Action on Poverty (AOP) starts ‘no more dodging’ campaign
Action on Poverty (AOP), the anti-poverty umbrella group campaigning for modernisation and reform of the Social Security system, kicks off its community-based campaign tomorrow, Tuesday 8th October from 9.30am outside the ICC, where campaigners ‘will be distributing leaflets in both English and Spanish setting out the case for reform of what we consider to be an outdated, unacceptably secretive and inadequate Social Security system. Politicians cannot be allowed to dodge these issues anymore,’ Spokesman Felix Alvarez said.
‘‘It’s election time, and the political Parties would like us to believe their Manifesto promises in order to get our vote. We’re glad to see that AOP’s on-going campaign has succeeded in ensuring that all the Party Manifestoes, though in varying degrees, have had to address the reality of economically vulnerable people in our society and the need for a Social Security system overhaul.

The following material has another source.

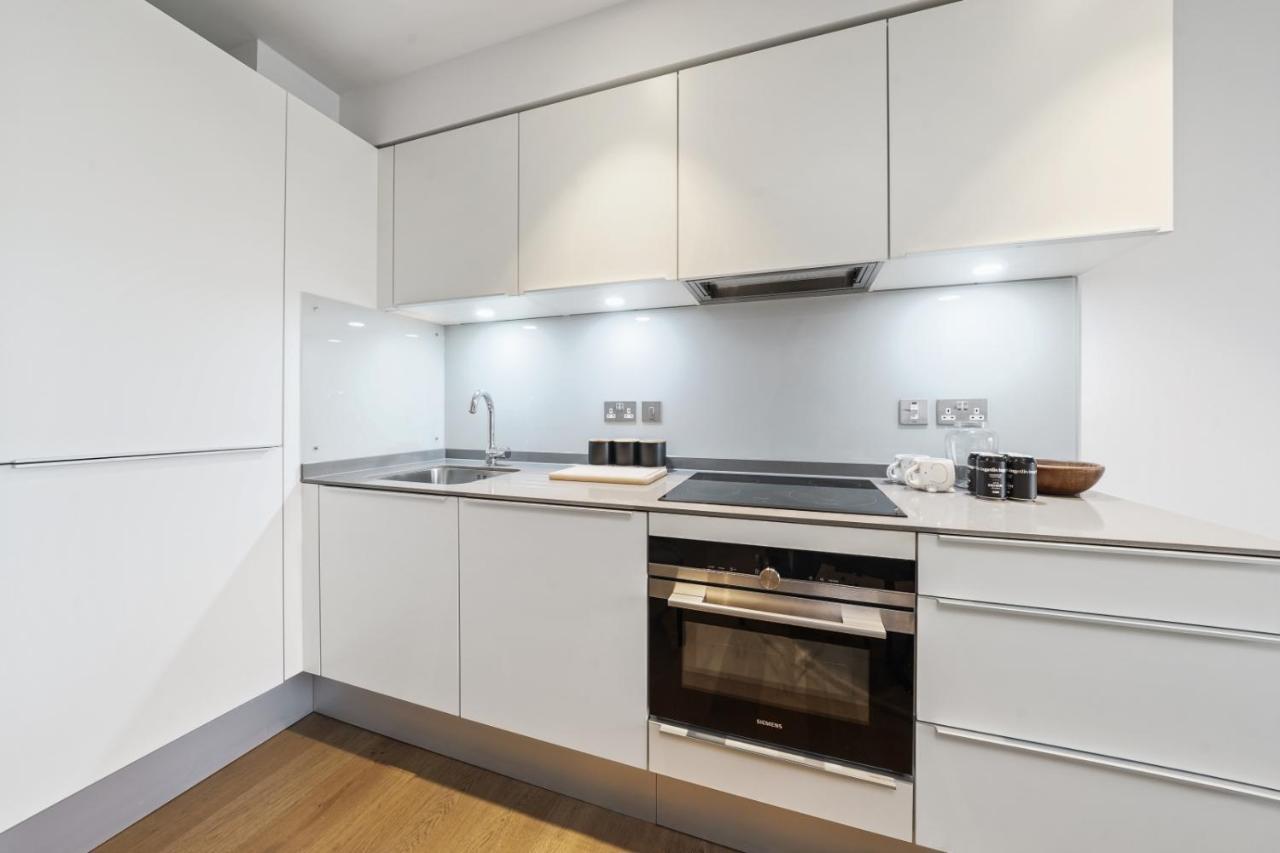 Cityview London Apartments 外观 照片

But not all Manifestoes and promises are created equal in this regard, with some Parties, no matter how ‘progressive’, still trying to get away with putting off, side-lining or downright dodging the issues before the electorate. This is far from a respectful democratic response to Civil Society and we’re hoping their public and electoral posture will be corrected.
‘We’re urging people to pay close attention to who is actually stepping up to the plate on these issues, and then vote accordingly. Because it’s not only their lives, but those of their children and grandchildren that are also affected,’ Alvarez stated. ‘Vague words count for nothing if you are a low income pensioner, long- or short-term unemployed, young and dependent on family support, disabled, a one parent family, a carer or an otherwise income marginalised individual. Because, unlike words, their reality cannot and will not go away for political convenience. And it’s precisely in election Manifestoes that voters rightly expect to find clarity and commitment.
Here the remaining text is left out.